• [Exercise details]:
Could you print the stretch of lines below from the one with "Курортный комплекс Royal Park 4*" through the one with "レディース フローラル セミ", exactly as they stand and without any pictures?
Segment Start: Given data
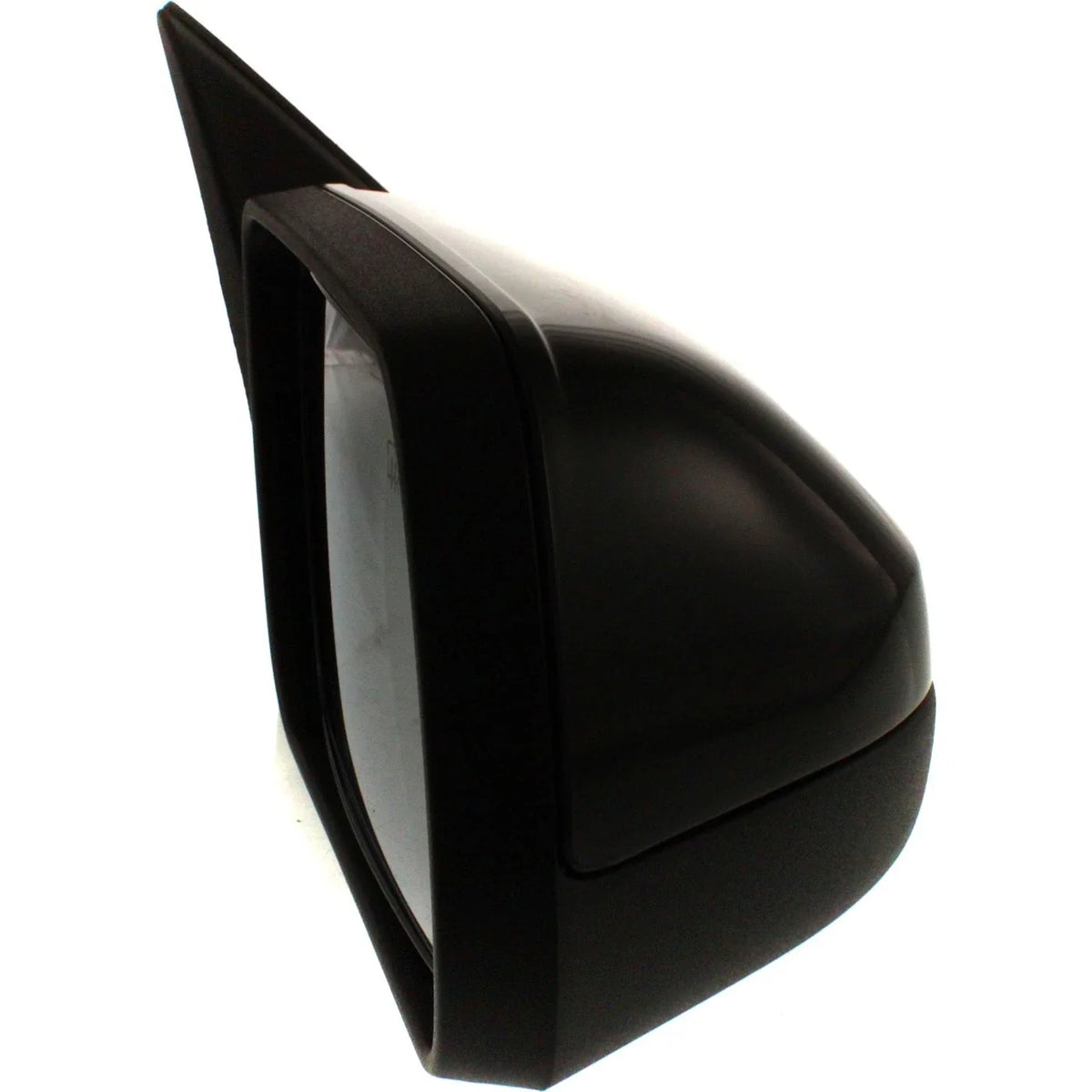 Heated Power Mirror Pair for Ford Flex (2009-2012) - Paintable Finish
Segment End: Given data
Segment Start: Given data
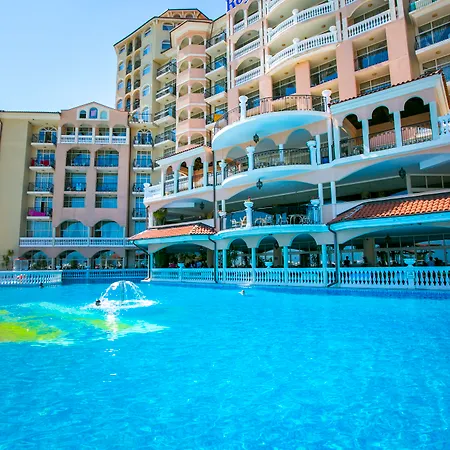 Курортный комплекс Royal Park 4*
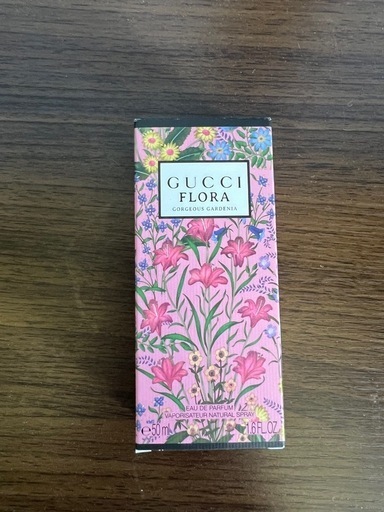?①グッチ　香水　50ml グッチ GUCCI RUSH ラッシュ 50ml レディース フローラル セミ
Segment End: Given data
• [Solution for this task]:
 Курортный комплекс Royal Park 4*
?①グッチ　香水　50ml グッチ GUCCI RUSH ラッシュ 50ml レディース フローラル セミ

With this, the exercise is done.